One problem with this grouping is that we lose some of the details. For example, when we talk about RPI top 25 wins there is no difference between defeating the RPI #1 team and the RPI #25 team. Also, a team's profile can change from one day to the next without playing a game. Say Team A beat Team B (which is ranked #25 in RPI) two times earlier in the season. On a day they do not play, Team B drops from #25 to #26 because of slight change in their RPI (perhaps because of their opponents' opponents' performance). Now Team A has two fewer RPI Top 25 wins without either Team A or Team B playing a game, even though the difference between being Team B ranked #25 and #26 is slimmer than a MacBook Air.

We would like a way to investigate a team's quality of opponents and their results against their opponents without these seemingly arbitrary bins. Visually displaying information about a team's schedule and performance against that schedule gives us that. By using a sparkline technique we can compare many teams at one time or use words and pictures together to lend insight.

Each bar represents a single game for a team, ordered left to right chronologically. If the bar is above the baseline, the team won that game; if the bar is below the baseline the team lost that game. The length of each bar is proportional to the RPI rank of the opponent in that game. For wins (above the baseline), the longer the bar, the better the RPI rank of the opponent. For losses (below the baseline), the longer the bar, the worse the RPI rank of the opponent.

This choice is meant to emphasize good wins (long bar above the baseline = win over a team with very good RPI) and bad losses (long bar below the baseline = loss to a team with very bad RPI). A team wants to have many long bars above the baseline (meaning many wins over good teams) and no long bars below it (meaning no losses to bad teams).

Bars with colors other than the default gray indicate especially good or bad results. All losses at home are given red bars, so a loss at home to a bad team gets a long red bar, which makes it stand out. Wins on the road get darker bars, so a road win over a good team gets a darker long bar, also emphasizing that.

Here's an example for current RPI #1 Tennessee . We can quickly make several observations about Tennessee's profile based on their sparkline:

  • They don't have any red bars, meaning they have no road home losses.
  • They have two very short and one medium length bar below the the baseline, so they have no truly bad losses. The two short bars are losses against highly ranked teams (RPI #4 Texas and #7 Vanderbilt); the medium bar represents their worst loss, at RPI #62 Kentucky.
  • They have several long darker bars above the line, indicating several road wins against good teams. Of course, the latest of these is their win at Memphis.

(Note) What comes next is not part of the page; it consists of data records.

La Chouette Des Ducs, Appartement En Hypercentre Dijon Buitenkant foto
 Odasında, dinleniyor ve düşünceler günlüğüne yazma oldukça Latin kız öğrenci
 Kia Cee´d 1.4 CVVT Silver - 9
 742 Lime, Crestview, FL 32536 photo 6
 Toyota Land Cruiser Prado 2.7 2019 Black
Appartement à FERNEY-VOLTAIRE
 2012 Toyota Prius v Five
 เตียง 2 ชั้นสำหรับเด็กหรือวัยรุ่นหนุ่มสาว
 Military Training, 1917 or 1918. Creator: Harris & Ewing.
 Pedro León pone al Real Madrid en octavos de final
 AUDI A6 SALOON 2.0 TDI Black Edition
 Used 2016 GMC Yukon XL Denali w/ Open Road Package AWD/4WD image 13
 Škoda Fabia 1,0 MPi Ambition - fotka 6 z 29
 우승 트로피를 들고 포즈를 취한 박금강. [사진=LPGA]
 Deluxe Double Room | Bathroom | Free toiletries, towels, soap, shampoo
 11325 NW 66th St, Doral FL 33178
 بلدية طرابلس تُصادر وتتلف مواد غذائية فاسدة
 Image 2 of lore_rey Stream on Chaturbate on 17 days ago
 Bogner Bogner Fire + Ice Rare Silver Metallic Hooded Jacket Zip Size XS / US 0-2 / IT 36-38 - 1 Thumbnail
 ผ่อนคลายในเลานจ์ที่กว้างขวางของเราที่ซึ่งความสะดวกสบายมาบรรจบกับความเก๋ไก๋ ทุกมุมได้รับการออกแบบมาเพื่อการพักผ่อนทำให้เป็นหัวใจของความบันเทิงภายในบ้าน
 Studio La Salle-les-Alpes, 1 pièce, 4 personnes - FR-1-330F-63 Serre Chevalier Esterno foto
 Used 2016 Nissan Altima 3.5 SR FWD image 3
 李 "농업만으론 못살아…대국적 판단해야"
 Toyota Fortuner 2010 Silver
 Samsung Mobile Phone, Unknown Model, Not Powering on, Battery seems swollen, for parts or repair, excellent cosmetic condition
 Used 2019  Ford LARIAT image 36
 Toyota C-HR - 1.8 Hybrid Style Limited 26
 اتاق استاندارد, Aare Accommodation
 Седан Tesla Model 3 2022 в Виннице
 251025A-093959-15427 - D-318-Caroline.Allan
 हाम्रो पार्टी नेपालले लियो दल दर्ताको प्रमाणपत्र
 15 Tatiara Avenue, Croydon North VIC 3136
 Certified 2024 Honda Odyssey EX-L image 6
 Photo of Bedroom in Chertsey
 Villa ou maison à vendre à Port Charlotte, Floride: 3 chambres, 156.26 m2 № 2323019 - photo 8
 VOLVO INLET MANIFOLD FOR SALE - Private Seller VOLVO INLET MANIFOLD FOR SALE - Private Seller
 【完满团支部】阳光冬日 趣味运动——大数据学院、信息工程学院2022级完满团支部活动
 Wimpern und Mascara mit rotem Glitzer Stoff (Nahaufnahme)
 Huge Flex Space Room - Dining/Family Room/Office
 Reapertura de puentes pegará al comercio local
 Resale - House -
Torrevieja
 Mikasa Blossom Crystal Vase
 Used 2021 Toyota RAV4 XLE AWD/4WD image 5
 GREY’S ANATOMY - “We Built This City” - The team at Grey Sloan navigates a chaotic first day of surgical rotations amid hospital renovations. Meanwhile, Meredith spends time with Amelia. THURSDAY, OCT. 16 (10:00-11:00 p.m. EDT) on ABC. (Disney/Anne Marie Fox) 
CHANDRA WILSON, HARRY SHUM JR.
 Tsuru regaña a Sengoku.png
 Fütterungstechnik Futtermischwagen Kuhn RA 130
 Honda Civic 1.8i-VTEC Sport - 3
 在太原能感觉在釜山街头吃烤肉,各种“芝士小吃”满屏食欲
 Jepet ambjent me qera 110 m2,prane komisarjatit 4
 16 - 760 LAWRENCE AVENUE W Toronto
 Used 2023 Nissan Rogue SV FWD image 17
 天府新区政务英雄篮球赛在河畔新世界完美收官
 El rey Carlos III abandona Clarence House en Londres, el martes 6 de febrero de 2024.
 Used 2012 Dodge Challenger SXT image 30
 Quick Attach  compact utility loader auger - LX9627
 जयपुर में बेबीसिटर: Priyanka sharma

Here's another example for Connecticut . We can quickly make several observations about UConn's profile based on their sparkline:

  • They one medium-length red bar, representing a moderately bad home loss. (It was to RPI sub-100 Providence.)
  • They had won 11 games before that loss, but all were against low RPI teams. This is represented by the short bars above the line toward the left.
  • They have won 12 of 13 since the aforementioned loss to Providence. Several of the wins early in that run were against good teams (the longer bars above the line), but the quality of opponent has generally declined (the bars trend shorter toward the right).

In both cases, you can find the same information from a text data table. However, it is much easier and faster to spot trends visually, especially when the data is represented in a meaningful way.

I hope you enjoy this latest addition to Crashing the Dance, and if you have any questions or feedback (on the sparklines or any part of the site), I would love to hear them.